F.I. Rose, for the plaintiff.
K.C. Parker, for the defendant.
The plaintiff, a patron in the Capitol Theatre on March 30, 1948, owned and operated by the defendant in Somerville, was assaulted by another patron, the defendant being allegedly negligent in failing to take proper precautions to prevent the occurrence. The jury returned a verdict for the plaintiff, but the judge entered a verdict for the defendant under leave reserved, the plaintiff excepting.

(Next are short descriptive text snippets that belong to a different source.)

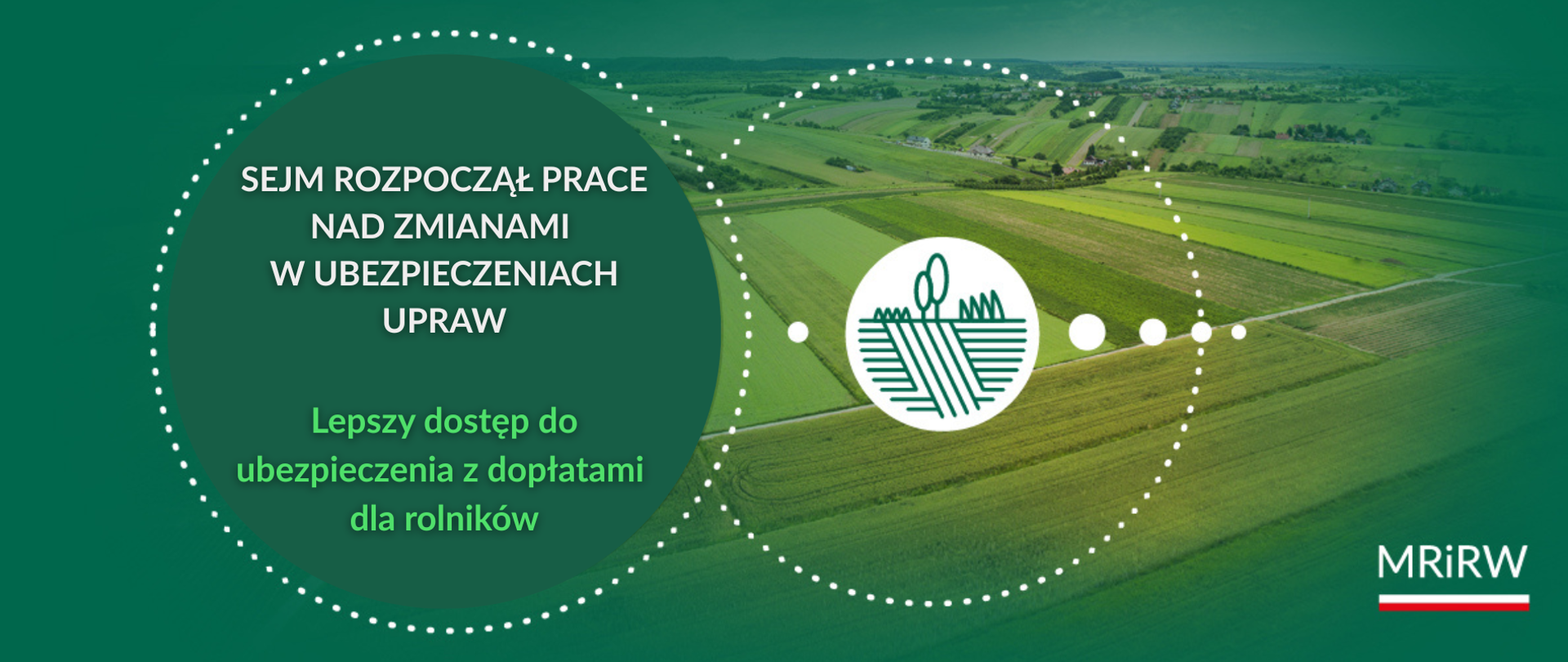 Rolnicy łatwiej ubezpieczą uprawy z dopłatą państwa. Sejm rozpoczął prace nad zmianami w systemie ubezpieczeń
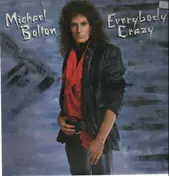 Michael Bolton - Everybody's Crazy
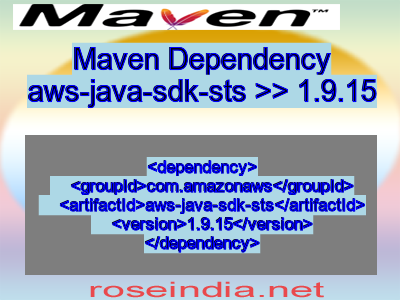 Maven dependency of aws-java-sdk-sts version 1.9.15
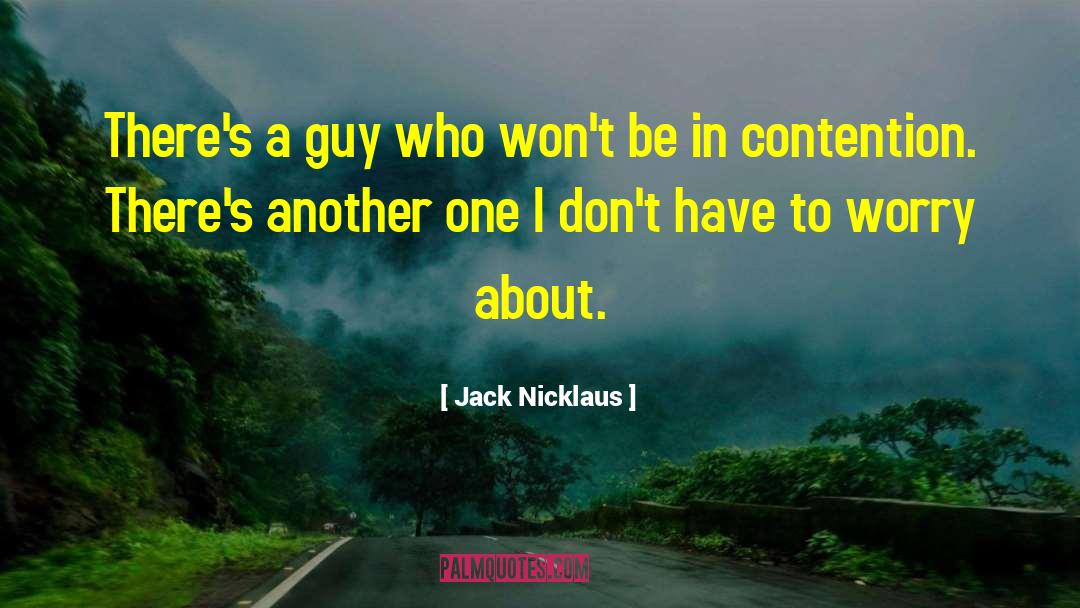 Jack Nicklaus quotes by Jack Nicklaus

The question is the application of a well settled principle of law. The defendant theatre owner and operator, in common with other possessors of real estate open to the public for business purposes, owed a duty to a paying patron to use reasonable care to prevent injury to him by third persons whether their acts were accidental, negligent, or intentional. Restatement: Torts, § 348.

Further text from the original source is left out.